> _Exercise_
Only the line with "Exciting Silhouette Of" and the lines after it, through the end of the material, belong in the answer; repeat them exactly.

── Record extracts

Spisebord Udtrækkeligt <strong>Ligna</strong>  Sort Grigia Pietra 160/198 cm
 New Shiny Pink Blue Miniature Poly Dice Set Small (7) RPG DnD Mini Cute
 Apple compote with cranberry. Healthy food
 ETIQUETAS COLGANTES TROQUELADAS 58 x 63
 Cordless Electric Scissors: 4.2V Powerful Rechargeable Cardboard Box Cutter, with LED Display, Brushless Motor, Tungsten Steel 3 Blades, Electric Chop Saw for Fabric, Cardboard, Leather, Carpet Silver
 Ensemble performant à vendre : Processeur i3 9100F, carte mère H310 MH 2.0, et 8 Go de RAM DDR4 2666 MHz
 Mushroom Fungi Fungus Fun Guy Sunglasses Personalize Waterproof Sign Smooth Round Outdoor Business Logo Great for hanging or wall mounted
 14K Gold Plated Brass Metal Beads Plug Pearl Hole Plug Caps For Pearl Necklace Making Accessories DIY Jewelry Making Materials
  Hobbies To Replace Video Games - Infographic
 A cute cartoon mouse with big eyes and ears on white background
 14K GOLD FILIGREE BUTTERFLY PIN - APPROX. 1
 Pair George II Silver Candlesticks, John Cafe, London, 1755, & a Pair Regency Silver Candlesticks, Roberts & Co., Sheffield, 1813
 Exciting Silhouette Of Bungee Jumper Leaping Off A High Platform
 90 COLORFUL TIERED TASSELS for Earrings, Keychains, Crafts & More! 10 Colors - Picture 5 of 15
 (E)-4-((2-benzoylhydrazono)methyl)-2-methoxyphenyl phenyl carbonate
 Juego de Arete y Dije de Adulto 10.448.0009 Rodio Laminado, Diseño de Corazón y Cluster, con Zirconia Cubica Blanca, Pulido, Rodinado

────

> _Response box_
 Exciting Silhouette Of Bungee Jumper Leaping Off A High Platform
 90 COLORFUL TIERED TASSELS for Earrings, Keychains, Crafts & More! 10 Colors - Picture 5 of 15
 (E)-4-((2-benzoylhydrazono)methyl)-2-methoxyphenyl phenyl carbonate
 Juego de Arete y Dije de Adulto 10.448.0009 Rodio Laminado, Diseño de Corazón y Cluster, con Zirconia Cubica Blanca, Pulido, Rodinado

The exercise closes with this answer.